→ Problem to solve
Any picture in the range stays out of the copy; retype exactly the lines from the one with "リーフ G ワンオーナー" to the end of the listing.

══ Provided material

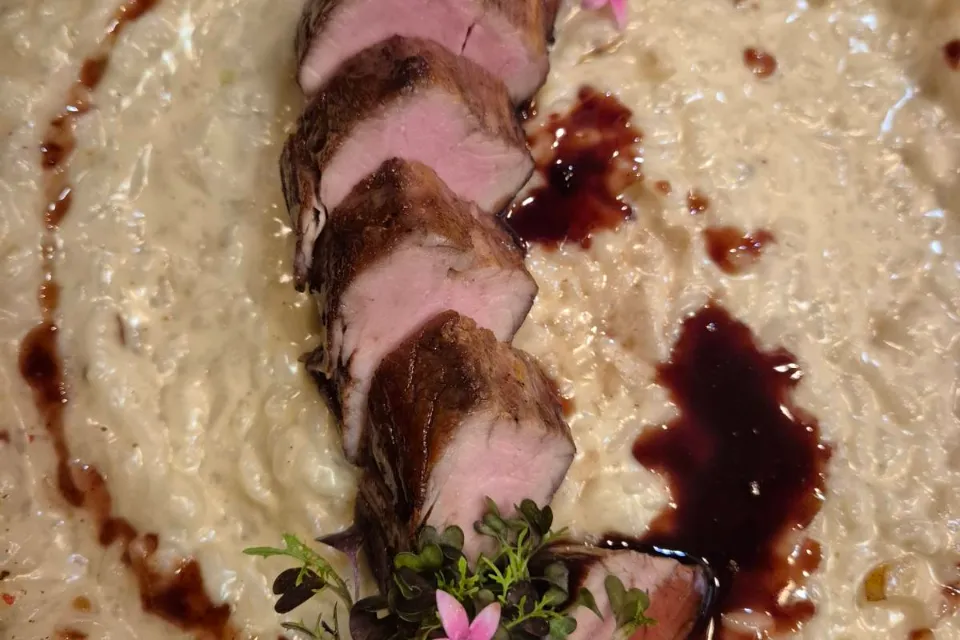 Körtés-gorgonzolás rizottó borral sült szűzzel (L)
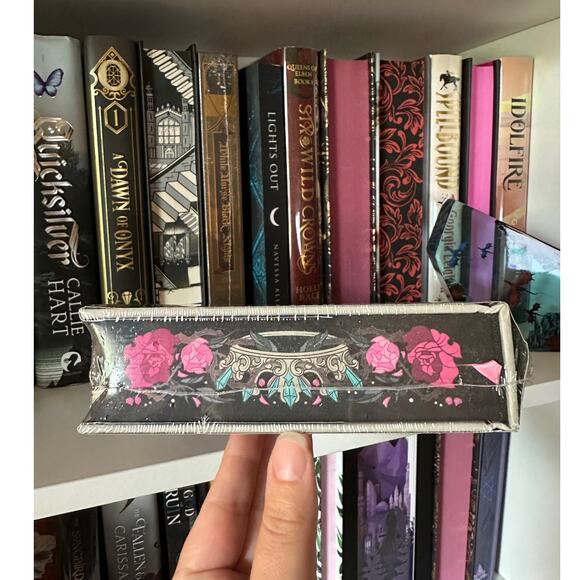 Owlcrate Special Signed Edition Fearless By Lauren Roberts - Picture 3 of 9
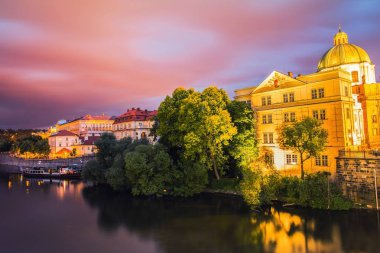 Charles Bridge Müzesi gece arka plan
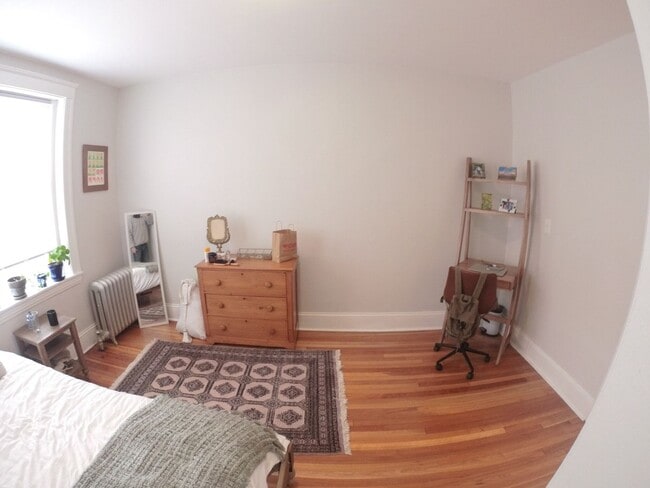 Building Photo - Charming 4 Bedroom-No Broker  Fee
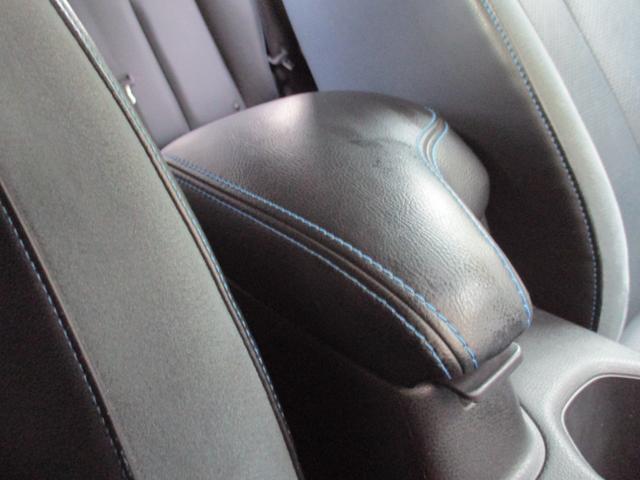 リーフ G ワンオーナー 禁煙車 BOSEサウンドシステム 純正ナビ 全方位カメラ Bカメラ BT フルセグ プロパイロット シートヒーター クリアランスソナー 衝突軽減ブレーキ ステアリングヒーター ETC(18枚目)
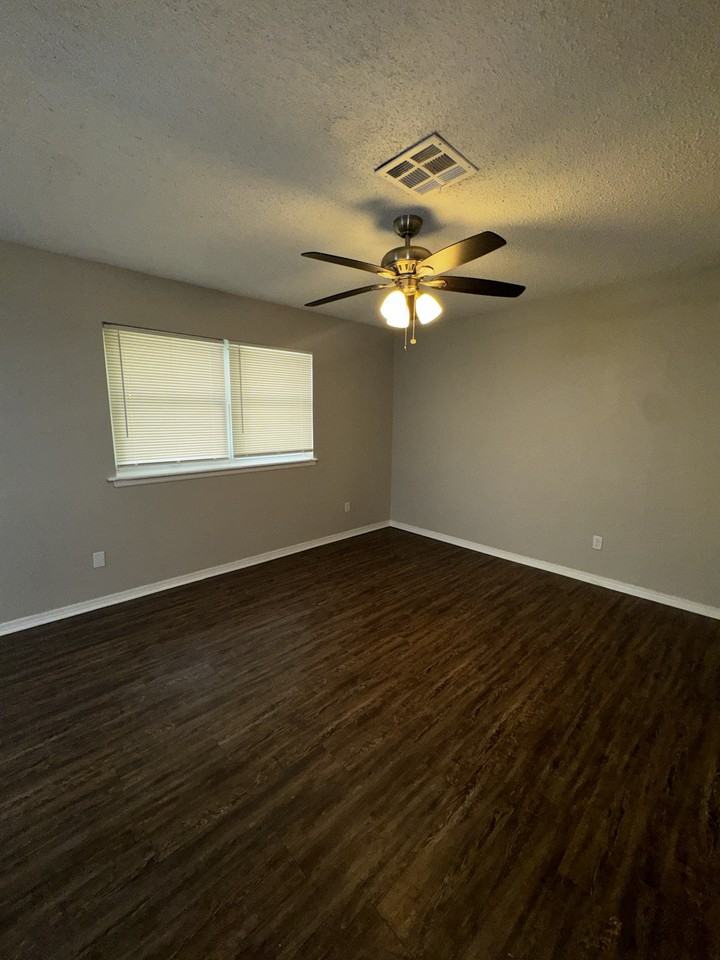 4709 Meench Dr - Photo 4 of 21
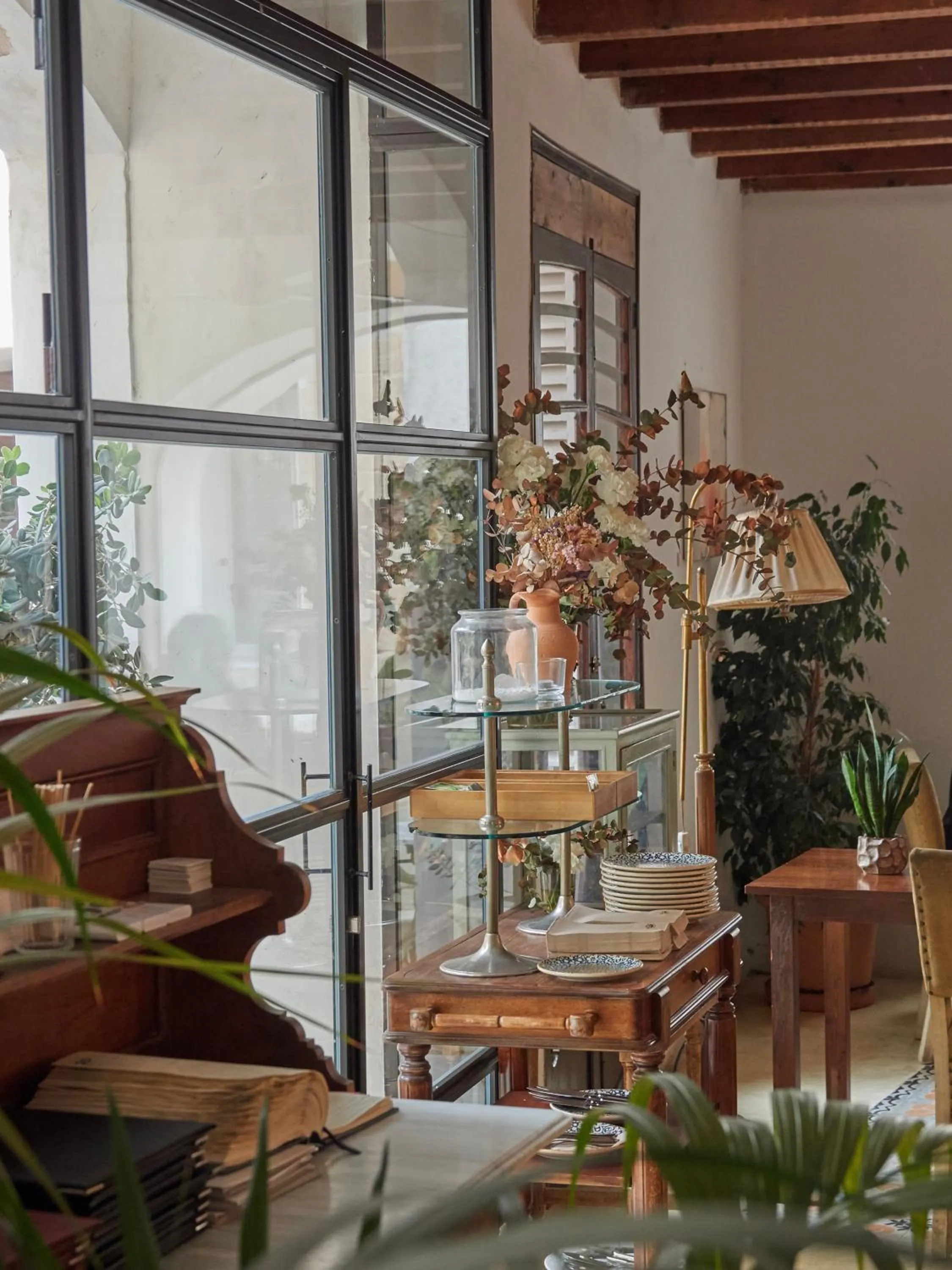 Restaurant/places to eat in Hotel Forn Nou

════

→ Solution
 リーフ G ワンオーナー 禁煙車 BOSEサウンドシステム 純正ナビ 全方位カメラ Bカメラ BT フルセグ プロパイロット シートヒーター クリアランスソナー 衝突軽減ブレーキ ステアリングヒーター ETC(18枚目)
 4709 Meench Dr - Photo 4 of 21
 Restaurant/places to eat in Hotel Forn Nou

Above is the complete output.